According to a new Wall Street Journal report, last week U.S. Joint Chiefs Chairman Gen. Mark Milley discussed the offer with his Russian counterpart, Chief of General Staff Valery Gerasimov, when the two met in Helsinki.
The WSJ cites the Russian newspaper Kommersant and U.S. officials in reporting that Putin “floated the idea of hosting U.S. military personnel on Russian bases” in his June meeting with Biden. According to the WSJ, staff on the U.S. National Security Committee were not certain if the offer was genuine and asked “Milley to clarify whether Mr. Putin was simply making a debating point or was hinting at a serious offer.”
Per the WSJ, Gerasimov was “noncommittal.” A U.S. readout of the meeting offer no details and simply states, “In accordance with past practice, both have agreed to keep the specific details of their conversation private.”
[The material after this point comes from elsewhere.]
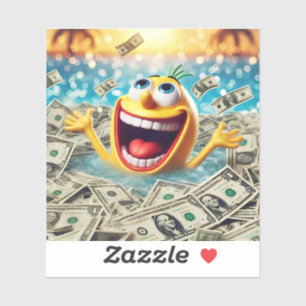 Adesivo swimming in money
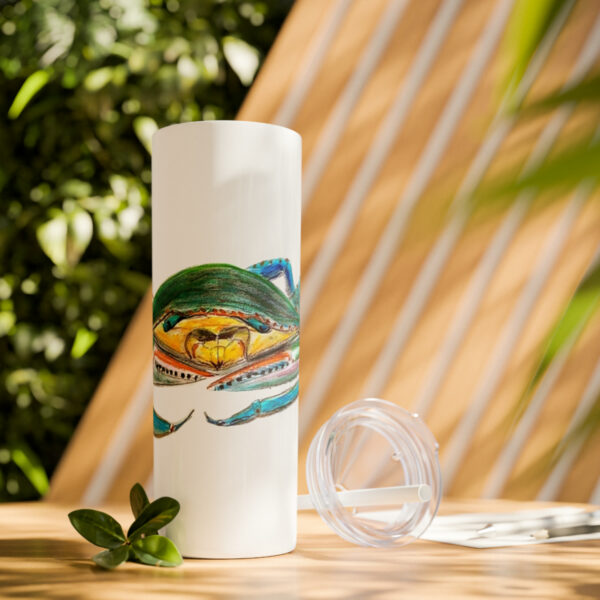 " Carolina Blue Sea Life Series”™ Skinny Tumbler with Straw, 20oz, Blue Crab Tumbler, Cup, Crab Travel Mug, Blue Crab Travel Mug, 20oz Tumbler, Crab Travel Mug, Crab Tumbler, Crab Travel Cup, Spillproof Cup, Spill Proof Travel Mug, Crab Spill Proof Cup - Image 127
Russia has several military facilities in Central Asia dating back to the Soviet period. The most relevant in this particular discussion are the Kant Air Base located east of the Kyrgyz capital, Bishkek, and the several facilities collectively known as the 201st Military Base in Tajikistan (based mostly in Dushanbe and Bokhtar). The 201st Military Base in Tajikistan is said to be Russia’s largest external military facility, with around 7,000 troops.
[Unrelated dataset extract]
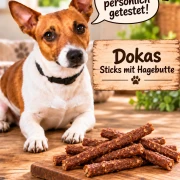 6x 105 gr Dokas Sticks mit Hagebutte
In July, a month after Putin’s meeting with Biden, Russian Deputy Foreign Minister Sergei Ryabkov was telling media that the Russian president had conveyed the message that Moscow did not want U.S. forces being redeployed to Central Asia.
“I would emphasize that the redeployment of the American permanent military presence to the countries neighboring Afghanistan is unacceptable,” Ryabkov said. “We told the Americans in a direct and straightforward way that it would change a lot of things not only in our perceptions of what’s going on in that important region, but also in our relations with the United States.”
Ryabkov added that Russia had made similar warnings to Central Asia. “We cautioned them against such steps, and we also have had a frank talk on the subject with our Central Asian allies, neighbors and friends and also other countries in the region that would be directly affected.”
This makes the news that Putin may have offered Russian bases instead particularly intriguing, especially as the U.S. seeks a foothold in the region following the exit from Afghanistan.
Whether Putin’s suggestion was genuine or a quip is, of course, critical. But in both cases, it positions Russia as the door through which the United States must pass to access the Central Asian region — despite 30 years of Central Asian independence — even if only in jest. If anything, it reinforces a long-running cliché that projects Central Asia as little more than a “Russian backyard.”
A U.S. official speaking to the WSJ seemed to confirm that. “We will pursue our own policies based on our own objectives,” the official said, but then added: “The reality is Russia is an element of the equation in the region and so we are engaging with them.”
One cannot dismiss Russia from the Central Asian equation, but we should also take care not to dismiss the Central Asian states themselves. Tajikistan, for example, has taken a different (although evolving) line from its neighbors with regard to the Taliban in Afghanistan, which in theory could make it a possible partner for the United States. Uzbekistan might be a technically more capable partner than Tajikistan, but has a narrower path to tread between its diplomatic acceptance of the Taliban and its continued efforts to engage with the United States on regional initiatives.